Robe à la Française: The Gown Part 1
Here we are. The moment we've all been waiting for... or maybe just the moment I've been waiting for haha. Making the Robe à la Française Gown. As this is the biggest part of the overall project, I've split this into two posts.
As with most garment making, it all starts with pattern drafting. As with making the templates for the trim, I had to draw over the existing grids to make the squares an inch rather than a centimeter wide. The pieces were rather straightforward to draw to scale once I'd done that.
After cutting the lining out of some white linen I bought on sale at a market, it was time for the first fitting. I got my mum to help me with this as it can be very tricky to do on yourself. Luckily for me, I seem to have a very similar size to the pattern pieces in the book so we didn't have to make many adjustments. Once we were both happy with the fit, I very carefully removed it and moved onto the next step.
I cut the front bodice piece and straps out of the silk and followed their instructions on attaching the front bodice piece to the lining. I did find it fiddly to sew down the very bottom front edge as it comes to a thin point. Now, here's a tip from what I learned about making the bodice, make sure that the back lining piece has the raw edges facing out from your back, not against your back. Otherwise, you are gonna be like me and have to resew the ties and back opening so that the raw edges are on the wrong side for when the fashion fabric covers it.

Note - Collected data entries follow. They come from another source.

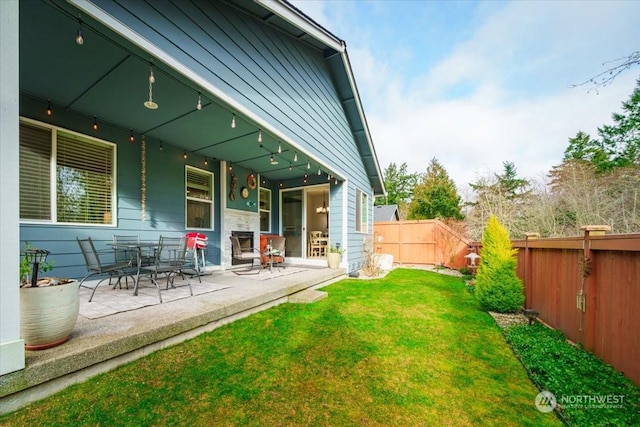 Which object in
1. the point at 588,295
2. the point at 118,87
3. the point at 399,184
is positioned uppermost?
the point at 399,184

Anyway, the pleats! This is definitely a tricky process that you really need to think about before attempting. I also just want to say that don't worry about cutting your shoulder area until you have stitched down the pleats. The diagram has the shoulder area already cut into shape, but if you do this before your pleats, it may not aline resulting in not enough or excess fabric. I made my pleats to the measurements that the book suggested. However, once all pinned down, it was far too wide for my back lining piece. I made the outer pleats deep to fit the back lining piece. Once I was happy, I sewed it all down, per the instructions. There is quite a bit of stitching done here to make sure the pleats are held properly in place. Make sure you do them all as they each serve a very important job in creating the perfect pleats.
I pinned it to my dress form and I just have to say that I absolutely love it!

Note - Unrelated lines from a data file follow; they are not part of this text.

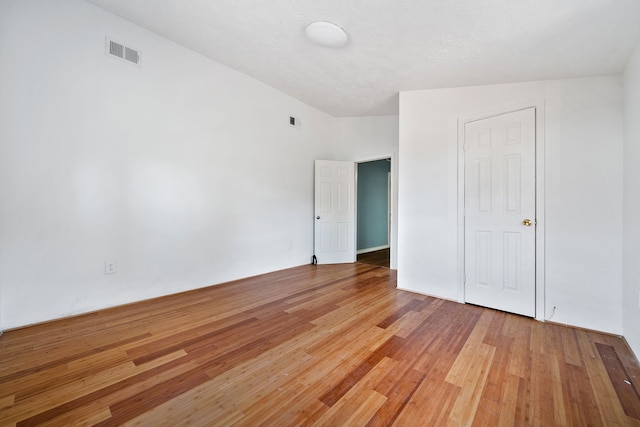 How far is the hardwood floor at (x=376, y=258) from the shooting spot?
16.6ft

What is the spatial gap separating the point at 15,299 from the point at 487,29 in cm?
464

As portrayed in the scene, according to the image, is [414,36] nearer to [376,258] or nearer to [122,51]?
[122,51]

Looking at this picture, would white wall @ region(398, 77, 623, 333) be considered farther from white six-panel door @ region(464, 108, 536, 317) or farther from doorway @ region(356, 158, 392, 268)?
doorway @ region(356, 158, 392, 268)

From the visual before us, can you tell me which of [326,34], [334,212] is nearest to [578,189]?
[326,34]

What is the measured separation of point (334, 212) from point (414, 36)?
3162 millimetres

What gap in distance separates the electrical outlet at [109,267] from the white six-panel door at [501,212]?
3.95 meters

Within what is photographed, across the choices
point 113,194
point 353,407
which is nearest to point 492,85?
point 353,407

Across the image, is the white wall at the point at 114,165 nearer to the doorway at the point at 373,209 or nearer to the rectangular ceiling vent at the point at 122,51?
the rectangular ceiling vent at the point at 122,51

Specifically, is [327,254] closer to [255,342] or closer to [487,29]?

Moving onto the skirt, I found the instructions very well detailed about what to do for the front panels, but very vague about what to do for the back panels. Initially, I cut out the panels as directed. I then was sewing it all together when I realised that I wasn't meant to cut the back panel into two pieces. So I sewed them together. After the fitting and almost at the end of attaching the skirt, I found find that I had been right in cutting two panels by mistake and needed to undo the sewing I'd done to sew it up. It just didn't feel very straightforward as there wasn't anything telling me exactly what the back panels had to look like. Not even a photo of the back panels in full. I almost even cut gores out of them which would have been a nightmare if I hadn't caught it before cutting. I also usually only read the steps on the page rather than the whole thing which probably contributing to the issue (I am trying to fix this bad habit). Even so, it was rather confusing.
But onto the positive, doing the front panels was much easier in comparison. The gores were very well explained and straightforward. Making the pocket openings was a bit fiddly but wasn't too tricky.
Now, I'll be finishing up the gown in my next post which hopefully should be sometime next week. I'm currently working on the sleeves so I'm almost done.
I'll talk to you soon. Have a swell day!